Sunday, July 10, 2011

fullness

I am so full of so many things right now.  I am full of gratefulness that I am so loved by my Katonda, Creator God.  I am so full of joy that I was able to spend almost 6 glorious months gazing on the face of God in Uganda.  I am so full of joy to be home, sleeping in air conditioning and having hot showers and being surrounded by old friends with hearts full of love to have me home.

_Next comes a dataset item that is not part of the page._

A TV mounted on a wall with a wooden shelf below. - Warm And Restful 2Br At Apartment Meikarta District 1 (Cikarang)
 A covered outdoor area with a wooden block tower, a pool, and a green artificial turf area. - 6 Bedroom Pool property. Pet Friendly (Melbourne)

I am also full of sadness when I think about all that I love and miss in Uganda.  I'm full of so many emotions its hard to talk about them most of the time.  I find myself wishing a lot that I am other than how God made me.  It would be so much easier not to be so full of, well, life.  I am convinced that this abundant life I have been given in Christ is to be full of many things, not just an abundance of good things, although it is.  Its supposed to be full of all of life, glory, sadness, laughter, joy, pain, sorrow, love, wonder, etc...  Sometimes, we get so full, its hard to speak.
I'm full of awe at all God did in me during my time in Uganda.  I'm so embraced in His love, in ways I can't quite put words to most of the time.
So many of you have so many questions for me, and most of the time, I don't know how to answer.  I'm getting words, but it is slow.
How can I describe such beauty as I have been given in so many people and places and words and sights for such a long period of time?
How can I tell you of the amazing way the former child soldiers worship at Kobwin?
How can I tell you about how much I miss the sound of my boys pounding in the metal posts to play football (soccer) on Sunday afternoon?
How can I tell you about my girls running around laughing?
How can I tell you about worshiping in two languages, two-yet somehow single hearts of love being poured out to such a great God as mine? 
In what way can I make you understand the privilege of gazing long and deep into God's heart for everything that concerns us as  humans?
Conversely, can I express the joy I feel at seeing my godchildren play around me and seeing their smiles?
Do you know how good it is to see God's glory expressed in the varying shades of green in wide open spaces reaching up Pikes Peak?
How do you spell out the goodness of people confessing how they prayed for you, loving you on their knees?
How comforting it is to hear my mom's calm voice on the phone more frequently?
The power of those who have known you for so long, loving you and helping you process, yet helping you be present where you are?
All of these things are invaluable.  All of them precious.  All of them, beyond the words that I have at the moment.
I don't know if I've ever been so full. Its so wonderfully hard and good at the same time.
Thank you for listening, for loving me, and for praying for me and with me. I have pearls and diamonds to share with you, you'll just have to wait to see them revealed.  In the meantime, please keep sharing the treasure you are with me, its one of the great things that fills me up.